Language expert Robert McCrum ("The Story of English") entertainingly blends pop culture and academic research to explore the global expansion of English. "Globish," the term he uses for the worldwide adaptation of English, is "a global phenomenon with a fierce, inner multinational dynamic." McCrum describes how speakers in China, India and elsewhere are changing English: "Like a Jackson Pollock of language," writes McCrum, "countless new variants [of English] are adding to the amazing technicolor texture of the overall picture."

McCrum also explores English's historical foundations. English has always adapted to local conditions, he finds. "American" English is simply the most popular of many such localizations. As Winston Churchill famously joked about Great Britain and the United States: "We are two nations divided by a common language." English is expanding today, McCrum explains, not because of the "hard" power of military conquest but due to the "soft" power of popular culture and business success.

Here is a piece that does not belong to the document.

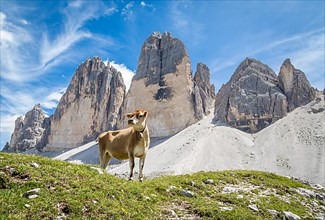 Standing cow in front of mountain range Three Peaks, Dolomites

The strength of global English, McCrum concludes, comes from its adaptability, its ability to be embraced by the rich and poor, insiders and outsiders, around the globe. McCrum approvingly quotes Walt Whitman: "The English language is not an abstract construction of dictionary makers. It is the powerful language of resistance; it is the dialect of common sense ... it has its basis broad and low, close to the ground." McCrum convincingly concludes that English, more global now than ever, has never been richer.